2020's Prominent Lesson: Don't Hyper-Concentrate Your Stocks | ETF Trends

2020 taught investors many lessons in the capital markets. One resounding theme: you can’t have too much concentrated exposure. In this case, it was too much equities exposure, underscoring the prescience for a multi-asset strategy via ETFs like the Invesco Balanced Multi-Asset Allocation ETF (PSMB).

While a multi-asset strategy might sound well and good, how does an investor choose which assets to incorporate in his or her portfolio? That’s where the active management component of PSMB comes into play.

In short, active management can help ETFs be even more dynamic. With the ability to get in and out of holdings, active funds like PSMB can benefit when the markets flux up and down with volatility.

Overall, the fund seeks to provide current income and capital appreciation. PSMB seeks to achieve its investment objective by allocating its assets using a balanced investment style that seeks to maximize the benefits of diversification, which focuses on investing portion of fund assets both in underlying ETFs that invest in fixed-income securities as well as in underlying ETFs that invest primarily in equity securities.

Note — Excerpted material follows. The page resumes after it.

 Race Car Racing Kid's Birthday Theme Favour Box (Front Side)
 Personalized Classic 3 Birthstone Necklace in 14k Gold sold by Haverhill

The fund’s target allocation is to invest approximately 45%-75% of its total assets in Equity ETFs and approximately 25%-55% of its total assets in Fixed Income ETFs. One of the highlights of PSMB is its relatively low 0.35% expense ratio that falls below its categorical 0.72%.

PSMB Chart

The Advantages of Multi-Asset Strategies

Russell Investments’ “5 Benefits of Multi-Asset Investing” highlights the need for such a strategy:

“Multi-asset funds can offer investors exposure to a broader range of assets, sectors, strategies and direct investment exposures (e.g. individual securities, bonds) with greater flexibility,” the case study noted. “They are diversified across both traditional and non-traditional asset classes, such as real estate and infrastructure. The goal is to provide the opportunity for growth while carefully managing risk. Of course, diversification and multi-asset investing do not assure a profit or protect against loss.”

“A multi-asset portfolio is designed to navigate potential market shifts through tactical trades, tilts and factor exposures,” the report added. “It has the flexibility to respond to changing market conditions, seeking out areas of greater potential return while attempting to avoid sectors that could add unnecessary risk to a portfolio. Multi-asset solutions rely on dynamically allocating portfolios based on strategy views and outlooks. Therefore there is the risk the perspectives may not be realized.”